EXERCISE PROMPT
All of the listing, from first line to last, should be output exactly; the pictures stay out.

COLLECTED MATERIAL
§ §

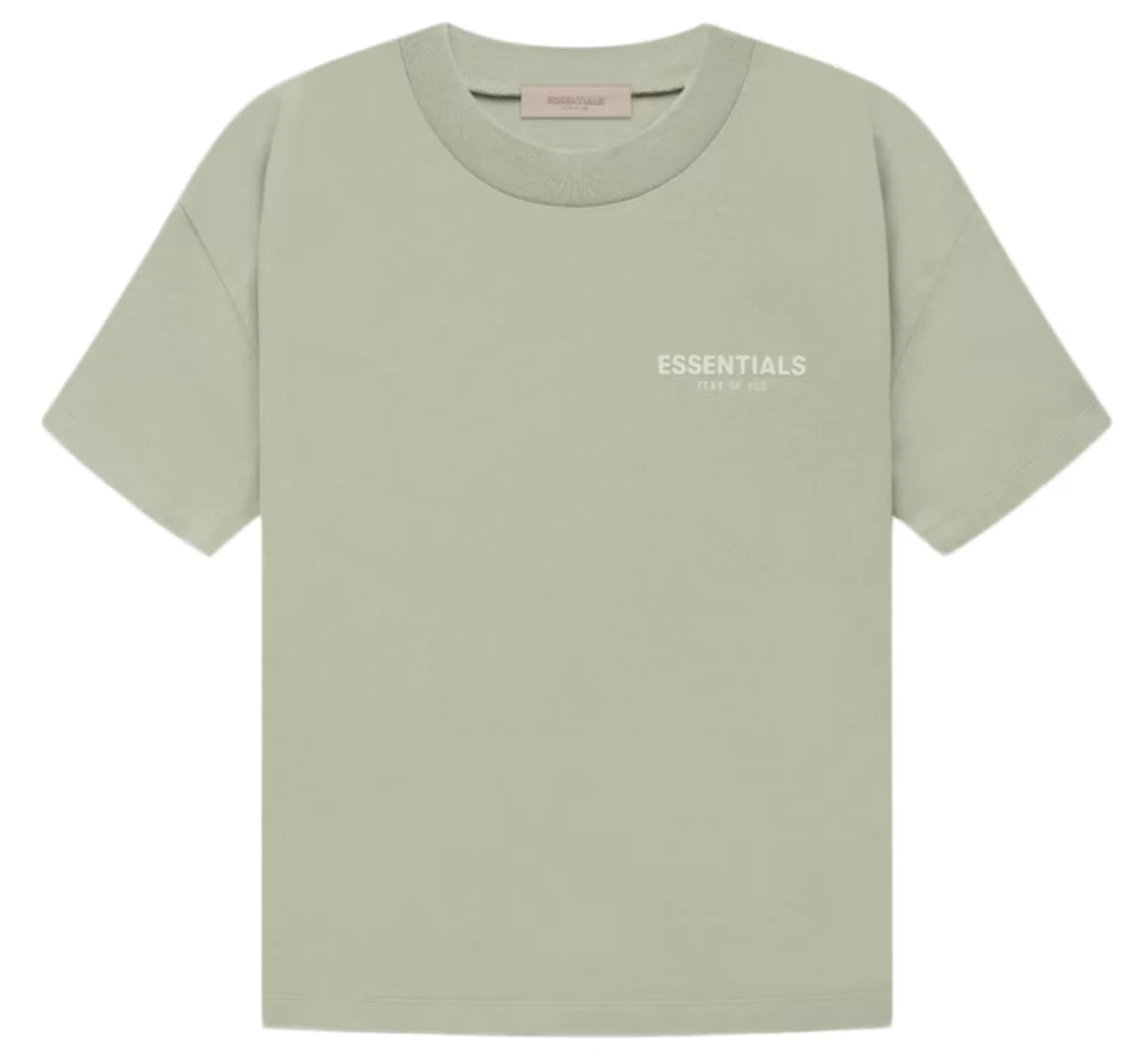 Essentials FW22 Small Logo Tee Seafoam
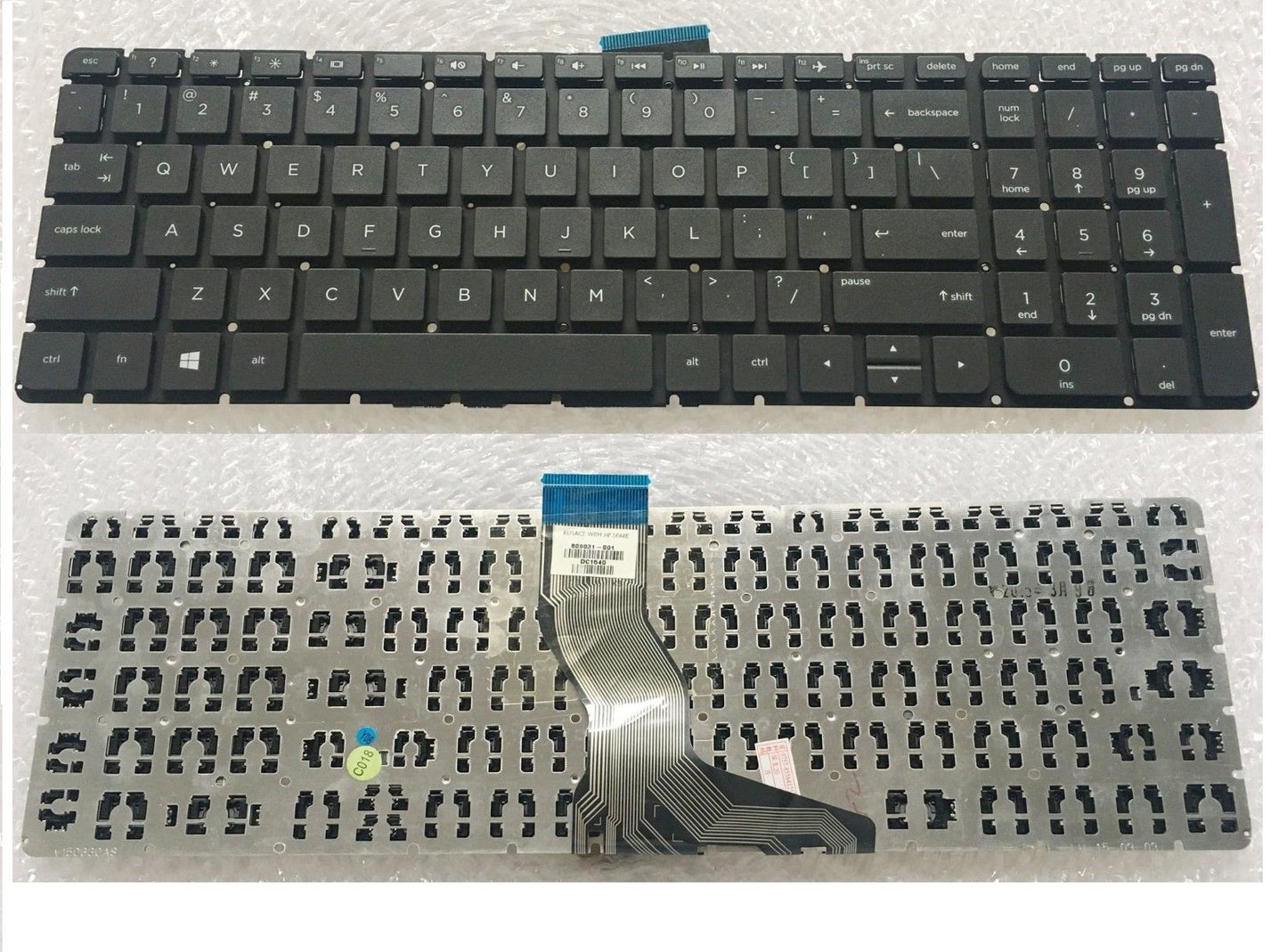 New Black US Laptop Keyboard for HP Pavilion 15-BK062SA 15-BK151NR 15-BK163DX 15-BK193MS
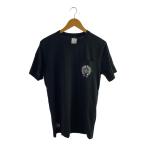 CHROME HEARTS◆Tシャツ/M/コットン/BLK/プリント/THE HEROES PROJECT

§ §

ANSWER TO THE PROBLEM
 Essentials FW22 Small Logo Tee Seafoam
 New Black US Laptop Keyboard for HP Pavilion 15-BK062SA 15-BK151NR 15-BK163DX 15-BK193MS
 CHROME HEARTS◆Tシャツ/M/コットン/BLK/プリント/THE HEROES PROJECT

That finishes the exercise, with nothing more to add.